I mean is it possible to make unified memory systems with good performance or is it not really feasible due to memory timing/trace length issues?
It’s possible if you’re willing to go with much slower RAM than GPUs like but CPUs often use. Thats what integrated graphics laptops have done for a long time right?
But can you get high end CPU and GPU performance with unified memory and maintain user upgradable memory in a reasonable way? Thats what I don’t know.
> I mean is it possible to make unified memory systems with good performance or is it not really feasible due to memory timing/trace length issues?
LPCAMM and similar solutions exist, but have never been demonstrated running at speeds that match what the leading soldered memory systems are using; there's always been some speed penalty.
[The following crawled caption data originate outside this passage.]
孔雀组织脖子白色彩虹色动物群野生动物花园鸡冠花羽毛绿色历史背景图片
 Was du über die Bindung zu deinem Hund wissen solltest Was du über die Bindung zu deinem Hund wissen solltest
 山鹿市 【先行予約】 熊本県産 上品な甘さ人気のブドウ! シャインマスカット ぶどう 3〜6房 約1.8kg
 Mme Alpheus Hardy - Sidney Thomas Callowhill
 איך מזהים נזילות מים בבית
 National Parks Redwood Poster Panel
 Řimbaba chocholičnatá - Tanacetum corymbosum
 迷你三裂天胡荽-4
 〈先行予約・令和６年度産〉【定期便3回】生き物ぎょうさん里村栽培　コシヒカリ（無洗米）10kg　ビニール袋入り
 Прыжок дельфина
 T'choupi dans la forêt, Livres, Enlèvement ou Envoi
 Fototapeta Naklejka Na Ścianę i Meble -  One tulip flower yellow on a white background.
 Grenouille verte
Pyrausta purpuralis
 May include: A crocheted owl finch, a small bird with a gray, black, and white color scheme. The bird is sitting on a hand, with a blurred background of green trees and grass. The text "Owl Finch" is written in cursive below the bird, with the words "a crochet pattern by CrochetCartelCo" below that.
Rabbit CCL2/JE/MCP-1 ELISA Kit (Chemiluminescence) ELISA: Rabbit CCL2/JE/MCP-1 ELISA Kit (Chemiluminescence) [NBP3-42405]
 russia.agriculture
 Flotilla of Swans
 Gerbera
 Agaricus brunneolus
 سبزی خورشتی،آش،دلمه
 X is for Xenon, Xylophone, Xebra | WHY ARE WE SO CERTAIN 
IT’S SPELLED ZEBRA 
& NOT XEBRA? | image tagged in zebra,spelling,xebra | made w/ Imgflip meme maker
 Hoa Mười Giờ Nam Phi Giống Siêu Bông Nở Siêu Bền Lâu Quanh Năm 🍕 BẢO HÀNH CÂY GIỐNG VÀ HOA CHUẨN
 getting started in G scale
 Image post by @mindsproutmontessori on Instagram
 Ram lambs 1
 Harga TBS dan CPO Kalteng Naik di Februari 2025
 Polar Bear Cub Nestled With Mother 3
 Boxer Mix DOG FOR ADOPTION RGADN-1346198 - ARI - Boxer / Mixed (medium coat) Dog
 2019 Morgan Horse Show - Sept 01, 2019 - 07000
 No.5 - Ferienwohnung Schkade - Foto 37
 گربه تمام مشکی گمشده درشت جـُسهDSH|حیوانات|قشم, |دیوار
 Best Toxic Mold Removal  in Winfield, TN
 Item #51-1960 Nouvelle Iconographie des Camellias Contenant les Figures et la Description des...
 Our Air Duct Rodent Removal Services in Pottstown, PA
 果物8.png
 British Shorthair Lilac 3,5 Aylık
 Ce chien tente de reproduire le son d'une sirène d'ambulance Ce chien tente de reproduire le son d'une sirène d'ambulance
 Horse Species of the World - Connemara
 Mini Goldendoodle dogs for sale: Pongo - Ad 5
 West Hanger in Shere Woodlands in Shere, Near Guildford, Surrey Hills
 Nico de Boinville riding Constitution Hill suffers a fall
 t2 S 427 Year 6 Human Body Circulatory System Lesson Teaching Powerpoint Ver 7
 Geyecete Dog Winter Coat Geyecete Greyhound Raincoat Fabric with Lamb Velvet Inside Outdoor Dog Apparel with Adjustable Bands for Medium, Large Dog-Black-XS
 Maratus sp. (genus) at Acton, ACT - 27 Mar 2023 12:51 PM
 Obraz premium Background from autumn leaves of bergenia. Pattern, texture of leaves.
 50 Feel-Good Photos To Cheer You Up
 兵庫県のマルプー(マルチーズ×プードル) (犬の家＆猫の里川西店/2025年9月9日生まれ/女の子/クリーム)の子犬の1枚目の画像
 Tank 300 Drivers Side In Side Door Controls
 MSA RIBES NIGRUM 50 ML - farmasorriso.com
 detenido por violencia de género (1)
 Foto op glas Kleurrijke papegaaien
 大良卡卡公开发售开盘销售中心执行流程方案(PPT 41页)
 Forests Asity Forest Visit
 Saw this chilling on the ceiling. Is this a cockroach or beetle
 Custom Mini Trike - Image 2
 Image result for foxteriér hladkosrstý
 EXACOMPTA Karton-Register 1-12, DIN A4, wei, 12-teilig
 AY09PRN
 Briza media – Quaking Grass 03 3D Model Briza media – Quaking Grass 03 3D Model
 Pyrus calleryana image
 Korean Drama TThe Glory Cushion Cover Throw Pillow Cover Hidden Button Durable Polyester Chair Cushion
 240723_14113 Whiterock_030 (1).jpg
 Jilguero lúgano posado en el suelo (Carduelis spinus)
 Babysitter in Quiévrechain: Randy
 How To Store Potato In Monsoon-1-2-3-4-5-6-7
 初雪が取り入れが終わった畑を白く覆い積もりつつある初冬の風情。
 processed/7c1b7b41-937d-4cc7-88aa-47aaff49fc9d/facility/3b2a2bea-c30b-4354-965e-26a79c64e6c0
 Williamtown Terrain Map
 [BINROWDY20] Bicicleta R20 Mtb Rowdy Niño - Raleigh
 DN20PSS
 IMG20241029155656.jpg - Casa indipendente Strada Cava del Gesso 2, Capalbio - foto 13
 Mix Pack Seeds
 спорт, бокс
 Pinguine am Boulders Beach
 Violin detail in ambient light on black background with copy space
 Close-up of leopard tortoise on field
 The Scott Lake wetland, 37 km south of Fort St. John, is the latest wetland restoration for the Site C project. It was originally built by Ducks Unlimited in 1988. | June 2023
I'm not sure we've ever seen a system demonstrated using LPCAMM or similar for a 512-bit bus to match Apple's Max tier SoCs, so it's somewhat of an open question whether those solutions can offer upgradability at the high end of the market for unified memory systems.
> LPCAMM and similar solutions exist, but have never been demonstrated running at speeds that match what the leading soldered memory systems are using; there's always been some speed penalty.
LPCAMM2 supports up to 9600MT/s, which appears to be the same speed Apple is using.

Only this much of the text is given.